Don’t expel Chinese ambassador, Ottawa
A Canadian diplomat is still being held hostage by Beijing, but the hostage diplomacy keeps getting worse.
China’s ambassador to Ottawa added public insult to private injury this month. Piling menace onto mendacity, Cong Peiwu suggested hundreds of thousands more of our citizens in Hong Kong could be held hostage to the crisis in our diplomatic relations.
Ottawa responded with yet another diplomatic protest. But the defiant ambassador — barking in the unbridled manner of China’s self-styled “wolf warrior” diplomatic corps — remains unmuzzled and unrepentant.
How can we win the release of the “two Michaels,” Michael Kovrig and Michael Spavor, who are long-standing victims of China’s retaliation over the extradition case of Huawei executive Meng Wanzhou?
Conservative Leader Erin O’Toole is tired of turning the other cheek: Time to expel the impertinent Cong unless he apologizes, the opposition leader insists.
O’Toole is not wrong to lash out at Beijing’s undiplomatic diplomat, who had no right to threaten the security of Canadian citizens in the supposedly autonomous region of Hong Kong. Cong warned against criticism of China’s security crackdown “if the Canadian side really cares about the stability and prosperity in Hong Kong and really cares about the good health and safety of those 300,000 Canadian passport holders in Hong Kong.”

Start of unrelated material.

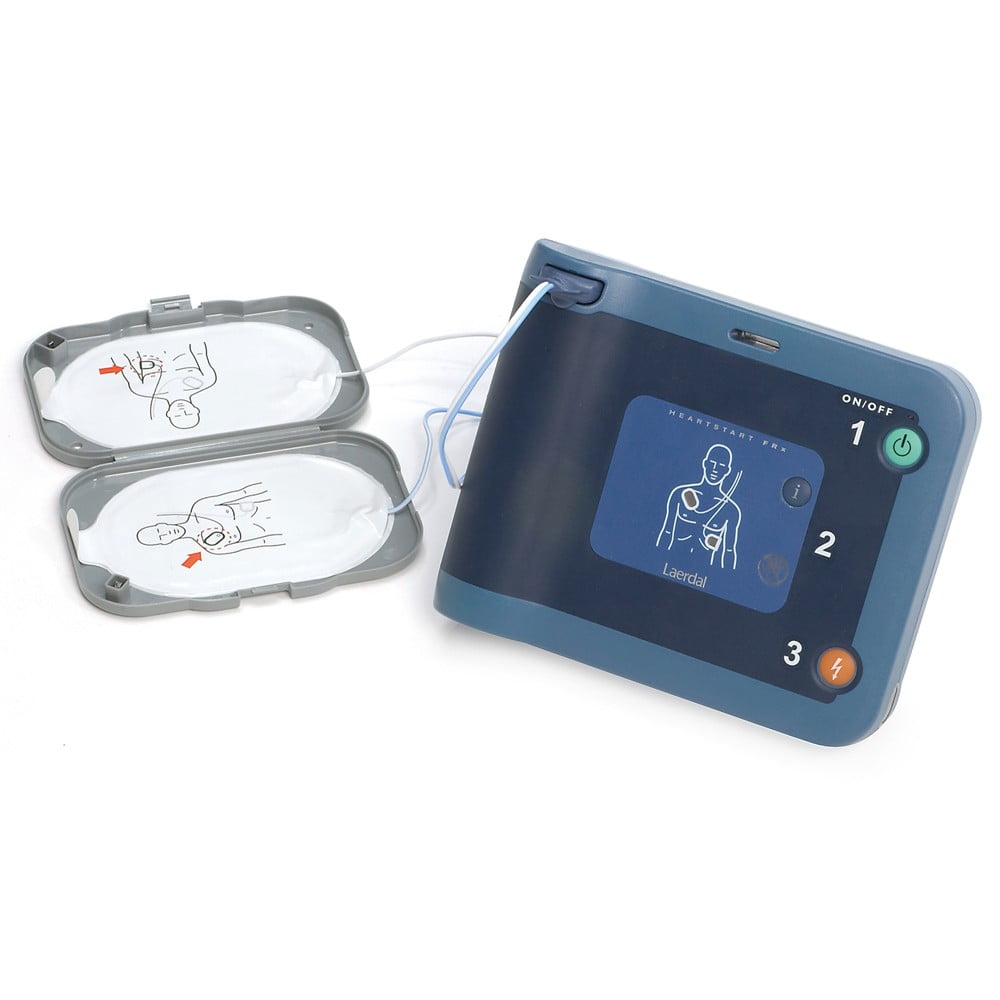 Heartstart FRx Smart Defibrillation Pads for Adults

Good on O’Toole for pushing back, sending a message that
Canadians won’t countenance bullying. As long as we understand that it is hollow rhetoric, an empty threat that would only set us back if ever carried out.

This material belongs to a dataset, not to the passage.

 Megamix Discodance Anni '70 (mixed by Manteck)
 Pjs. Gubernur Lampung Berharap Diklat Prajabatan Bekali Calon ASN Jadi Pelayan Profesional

Declaring China’s ambassador persona non grata would assuredly trigger a reciprocal expulsion of Canada’s ambassador to Beijing. There is no good time to be without ambassadors in either embassy, but this is the worst of times — with Canadians unjustly incarcerated — to surrender consular access, and access to China’s opaque power structure.
Diplomatic relations are not about friendly relations. Recognition of a regime does not confer legitimacy, and communication does not imply comity. Flailing and fulminating will not advance our interests. And make no mistake, we have important interests at stake — national and individual, consular and commercial.
We must learn from the misjudgment of an earlier Conservative government under then-PM Stephen Harper, which made a show of rupturing all relations with Iran and rescinding any recognition of the regime. Much like U.S. President Donald Trump’s ill-conceived ripping up of an anti-nuclear accord negotiated by his predecessor, Barack Obama, the Harper Conservatives in power played domestic politics at the expense of international diplomacy.
And so when 55 Canadian citizens were killed by Iranian missiles that brought down a Ukrainian airliner near Tehran’s airport, Ottawa was left in the lurch. Our government scrambled to provide consular services to grieving families, and lacked the full diplomatic levers to pressure the Iranian regime into complying with its civil aviation obligations.
That’s precisely the trap we should avoid with China today. Goading the government into going further is a dead end.
China’s ambassador was summoned for a dressing down “to make clear in no uncertain terms that Canada will always stand up for human rights and the rights of Canadians around the world,” Foreign Affairs Minister FrançoisPhilippe Champagne said this month.
Our UN ambassador, Bob Rae, added that Canada “shall never forget” Beijing’s hostage diplomacy.
To be clear, there is much to be said for saying what needs to be said — both by the government, the opposition and Canadians at large. But closing the door to diplomatic ties is a mistake we cannot afford to repeat.
That doesn’t mean Canada must limit itself to rhetoric, just that we need to be realistic — about what works, and what doesn’t, when dealing with a bully that is not going to retreat anytime soon. Over time, China may come to its senses, as it comes to understand the enormous reputational damage in a world where soft power and economic co-operation are still important.
Other democracies have also experienced China’s bully diplomacy — notably Sweden, India, Taiwan, Australia, the U.S. and the U.K. — representing an influential and growing bloc of countries that can resist Beijing’s tactics if we remain united, rather than reacting with unco-ordinated ripostes. The election of a new U.S. president may also prompt Beijing to reconsider its selfdestructive tactics and press the reset button.
The latest public opinion survey shows that 73 per cent of Canadians now hold an unfavourable view of China, and the trend line is inexorably negative. Little wonder that officials at the Ontario legislature scrambled to cancel a flag-raising scheduled for China’s National Day on Oct. 1, and that Ottawa city hall has also banned the Chinese flag, depriving Beijing of the international respectability it has long craved.
Many of the most savvy Chinese diplomats that I encountered as an Asia-based foreign correspondent (and also here in Toronto) understood only too well the limits of raw power and rhetorical bluster. China’s leadership needs to keep hearing that message, which is why we need to keep the messengers in place — on both sides of the diplomatic divide — while forging an alliance with like-minded countries that can act as a force-multiplier.
Shooting China’s undiplomatic messenger won’t ensure our message is sent — let alone received — and would only compound the misery of hostage diplomacy.